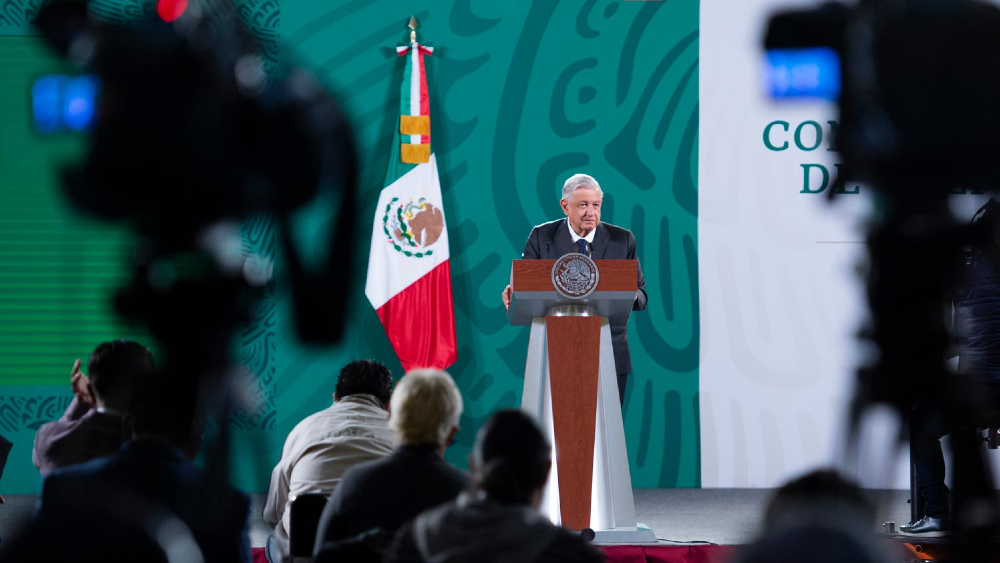 Confirma AMLO disolución de unidad antinarcóticos de México y la DEA; Conferencia (21-04-2022)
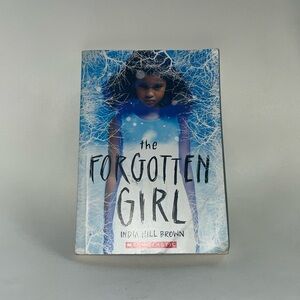 The forgotten girl book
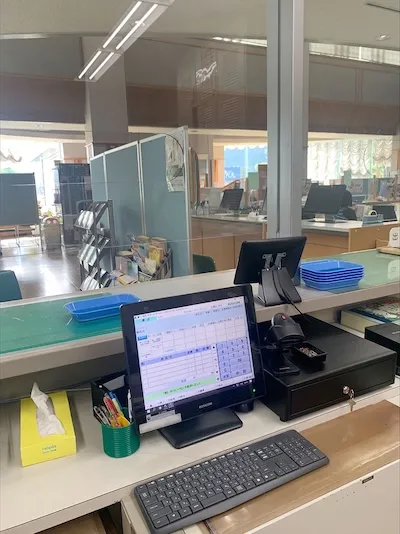 578：邑南町役場様（本庁 出納課）[島根県]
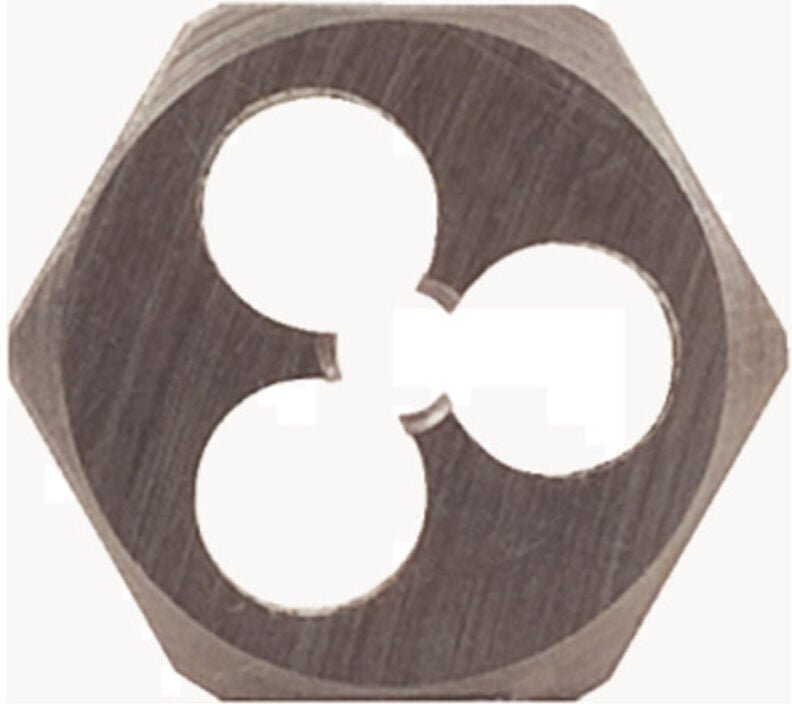 HSS Sechskant-Schneidmutter MF, M9x1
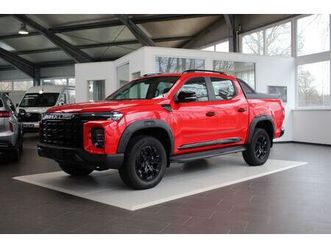 maxus t60 max 2.0 diesel automatik (inkl. ahk)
----
__PROBLEM DETAILS__:
Everything in the entries except the pictures should be returned exactly as given.

__RESULT__:
 Confirma AMLO disolución de unidad antinarcóticos de México y la DEA; Conferencia (21-04-2022)
 The forgotten girl book
 578：邑南町役場様（本庁 出納課）[島根県]
 HSS Sechskant-Schneidmutter MF, M9x1
 maxus t60 max 2.0 diesel automatik (inkl. ahk)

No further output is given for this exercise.